European Macro: European Sentiment Indicator (ESI) March 2017

Europe Macro: ESI March 2017

As I talked about in my post about USA PMI (here) there is this debate going on about hard data vs soft data. Some people suggest the last rally in the markets was because of the expectation of a stronger economy. Some suggest it was just a “trump rally” that has no real support.

Now I’d like to analyze the European Sentiment Indicator (from now on ESI), I want to understand how is the economy doing at my side of the Atlantic sea. The ESI is an aggregate indicator created by the EU that works similar to PMI and NMI but it includes all the business sectors, industrials, services, retail, construction, consumer confidence, etc.

So overall if ESI shows higher readings we should expect the economy to get better in the following months. Obviously then there are different countries and different countries, but overall at an EU level, we should see higher levels of growth that before. And if we see ESI decreasing we should see lower levels of growth.

I do not believe in point predictions so I won’t walk that path. I don’t know if the economy will grow at 2.4% or 3.5% rate. But I don’t care as I don’t need it to build a framework and a view of the economy. What is important is the dynamics and direction of the economy.

If the economy grows faster than expected then business will probably beat expectations and therefore we should expect the markets to go up. How much does will the economy grow, how much will business beat expectations or go up? That’s impossible to know so I won’t even try. But what we can do is to be exposed to the “right side”.
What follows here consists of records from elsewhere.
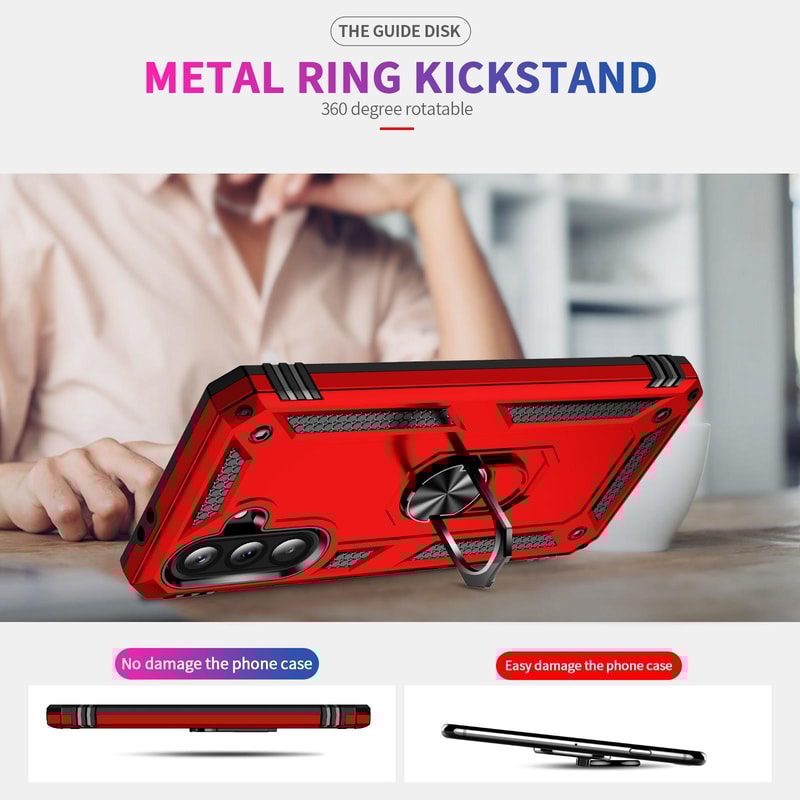 Samsung Galaxy Shockproof Protective Case With Holder Stand TPU PC Armor 6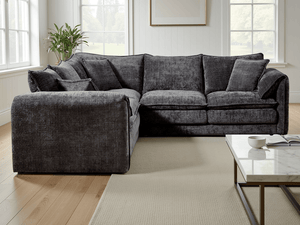 Solaya Sofa Black Large Corner - XShowhome Limited - Xshowhome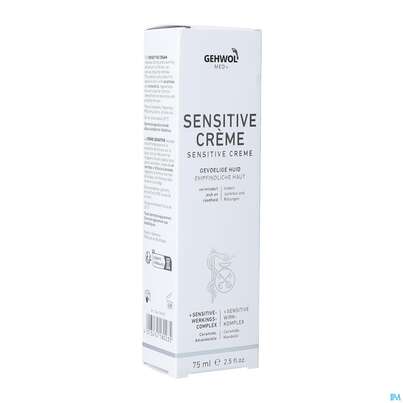 Sie sehen eine Packung Gehwol Med.sensitive Creme Nr.64143 75ml, Produktbild: 05 Gehwol Med.sensitive Creme Nr.64143 75ml, A-Nr.: 4792707 - 05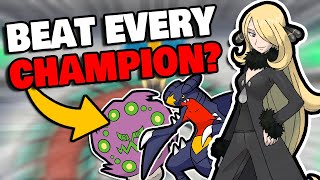 Can Cynthia Beat Every Pokemon Champion [upl. by Lienet]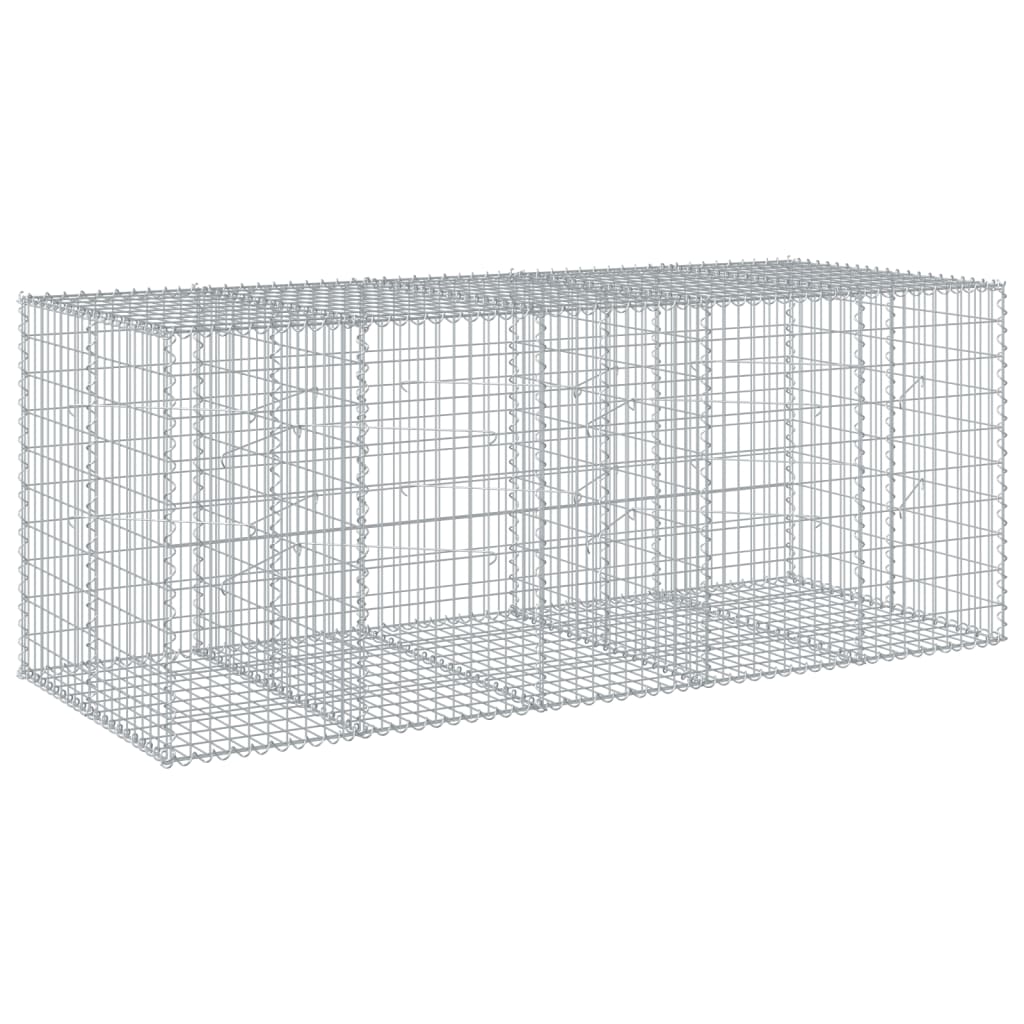 Gabiono krepšys su dangčiu, 250x100x100cm, galvanizuota geležis Gabiono krepšys su dangčiu, 250x100x100cm, galvanizuota geležis - Image 5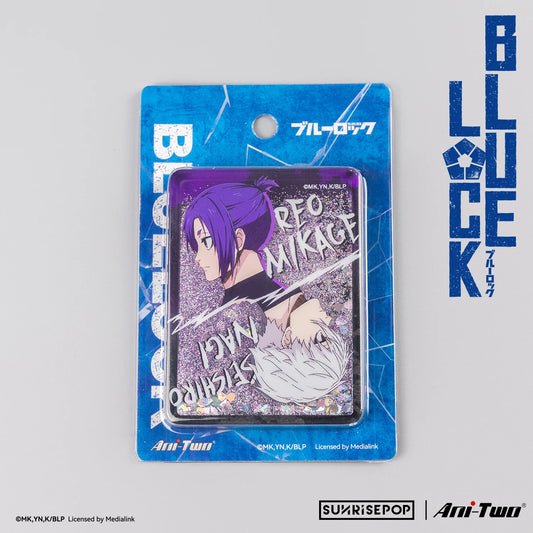 Blue Lock - Nagi & Mikage Acrylic Glitter Block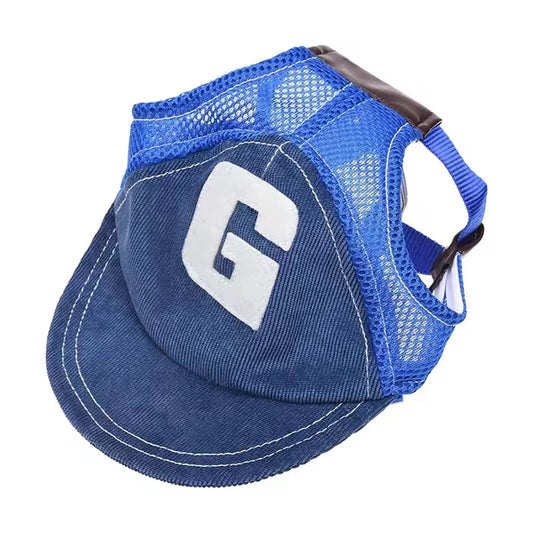 New Pet Sun Visor Hat Fashionable Dogs with Anti-Lost Strap Anti-Snatch Sun Hat for Small Medium Large Dogs/Cat Pet Sun Hat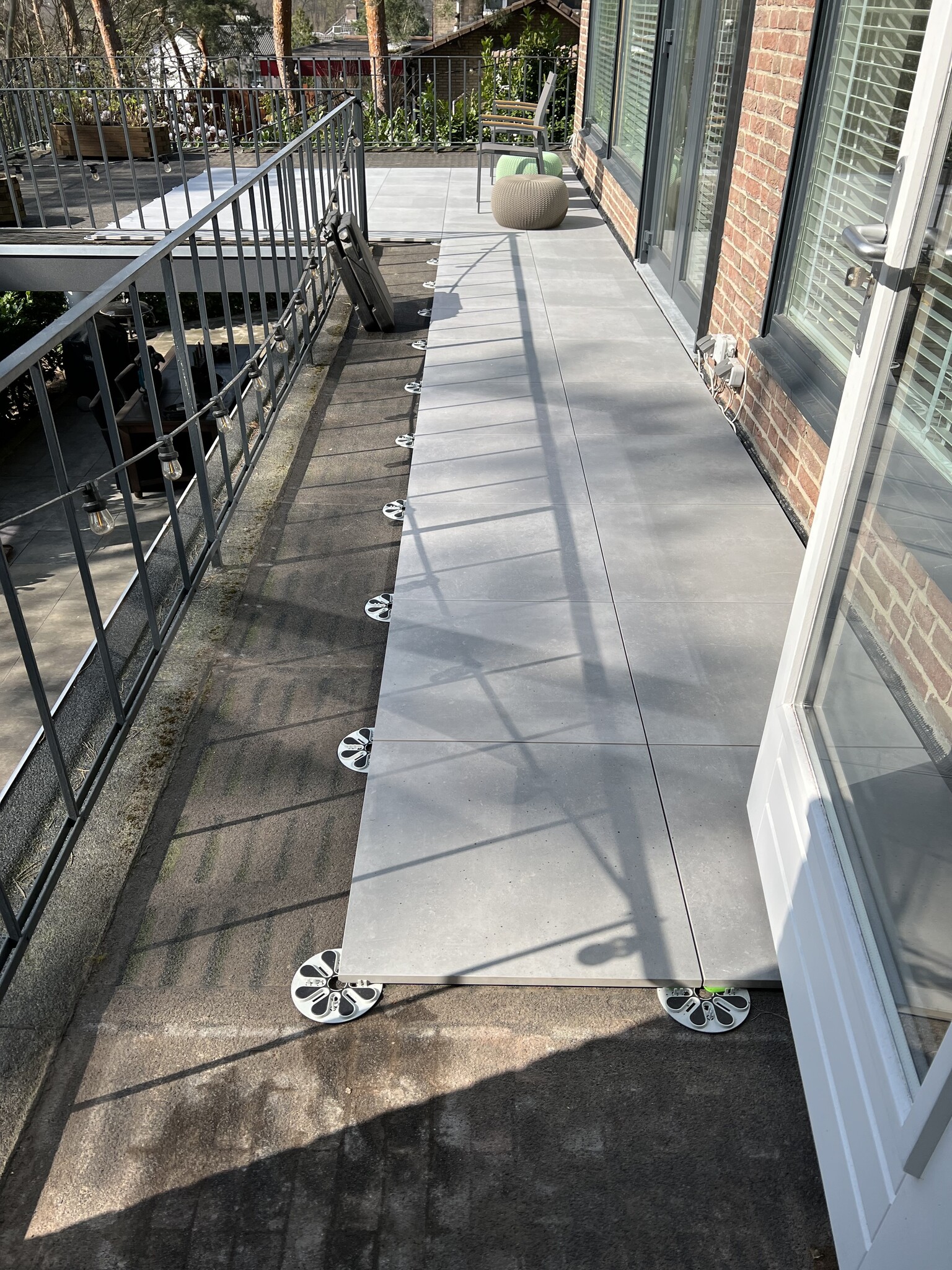 2 cm dik keramiek op tegeldragers
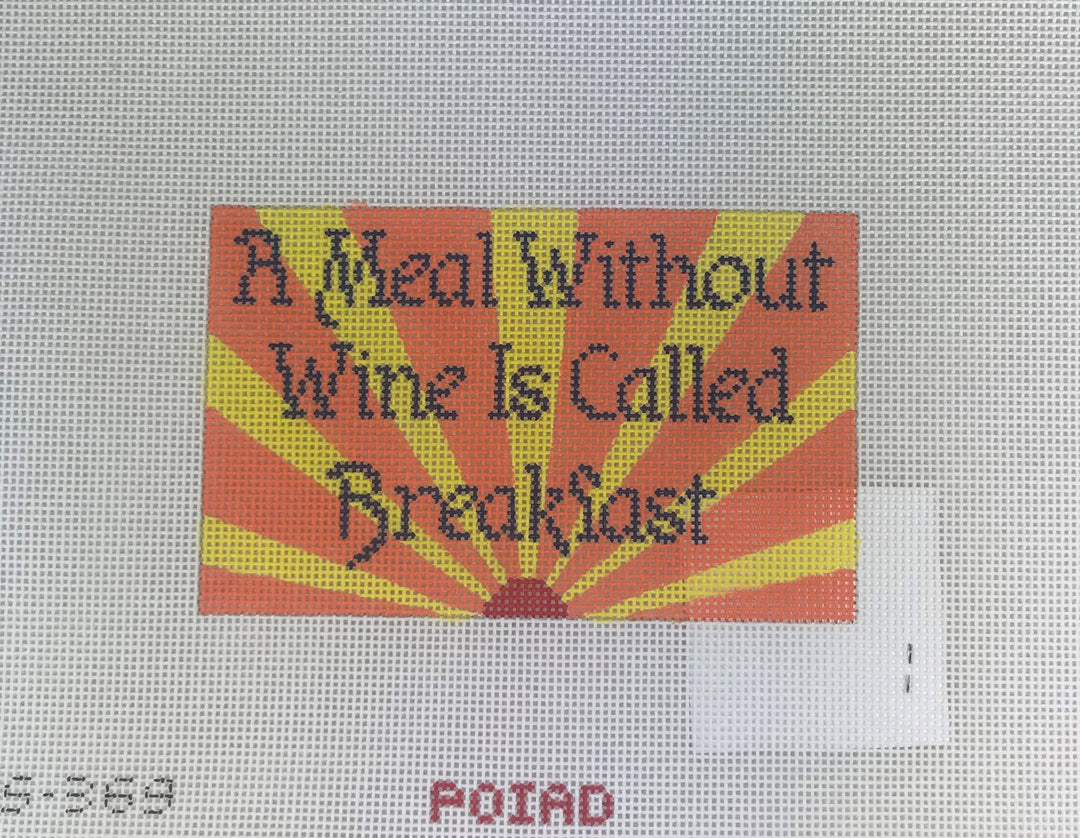 * Point of it All S-396 Meal without Wine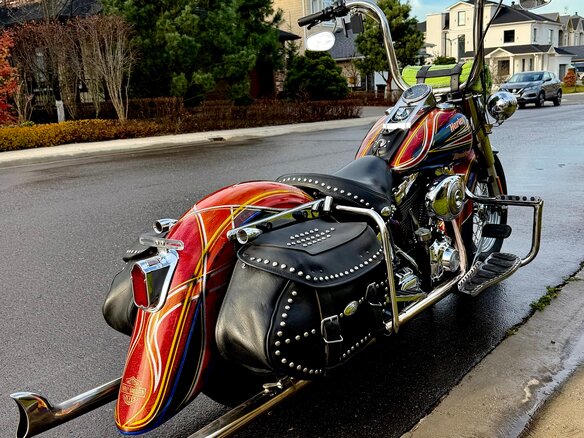 2004 Harley-Davidson Heritage, красный, 2000000 рублей - вид 9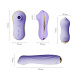 Набір 3в1 Zalo — UNICORN Set Violet, віброяйце, пульсатор, вакуумний стимулятор-1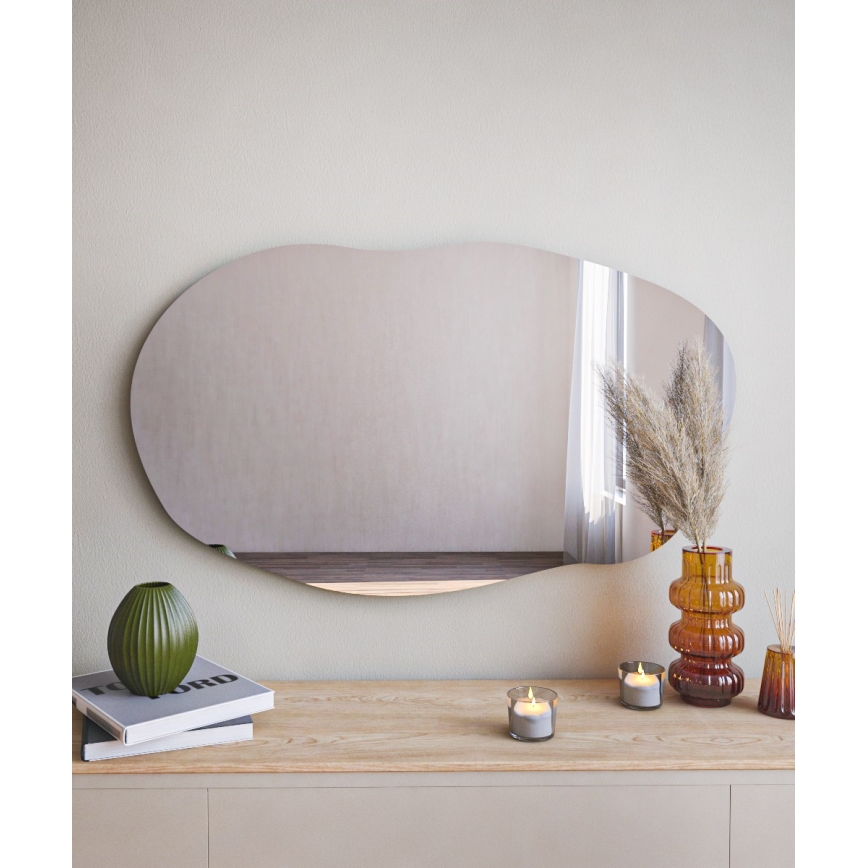 muur spiegel LOSSA 89x52 cm zwart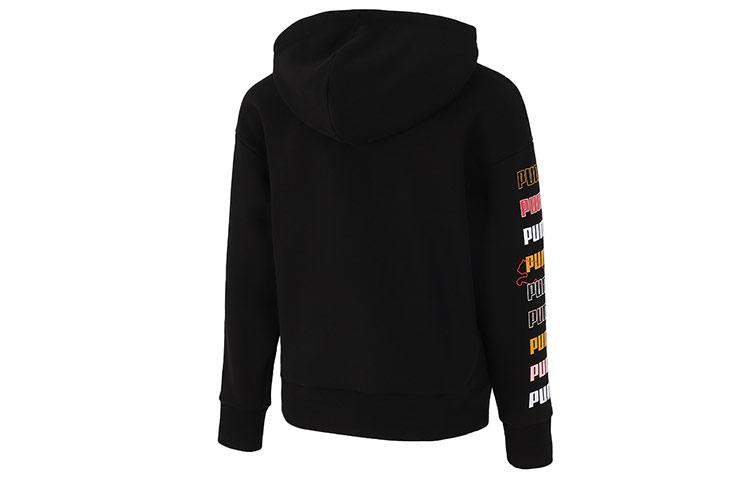 PUMA Sweatshirts Women's Black Hooded Moderate Regular 533155-01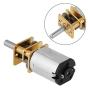 DC 6V 200RPM Micro Speed Reduction Motor Electric Gear Motor Mini Gear Motor with Metal for for RC Car Robot Model DIY Engine Toys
So now let’s check the ESI to try to understand what’s been going on, what we can expect and what should be our view.

ESI March 2017.png

So what we see is an increase in ESI during the second half of 2016. Which is consistent with markets rally.  Now the indicator is flattening but still high and growing, so we should believe that the economy will stay strong. Therefore we should have a bullish view on the economy of the European Union. But does this affect every country? Well, let’s analyze the different ESI for the different countries in the last year.

ESI chart march 2017.png

The chart shows the major economies of the EU and its readings for the ESI indicator. As you can see most of them are doing much better now than they were doing a year ago. Except for Belgium, Italy and perhaps Spain, all of them look very positive.

In conclusion, ESI data supports the bullish story for the EU markets. Which with US data help to build a bullish view of developed markets for the next months. As always we should keep an eye on how the data evolves and remember one indicator is not enough to draw a conclusion. But this looks more positive than negative so I believe the “Trump rally theory” keeps losing strength.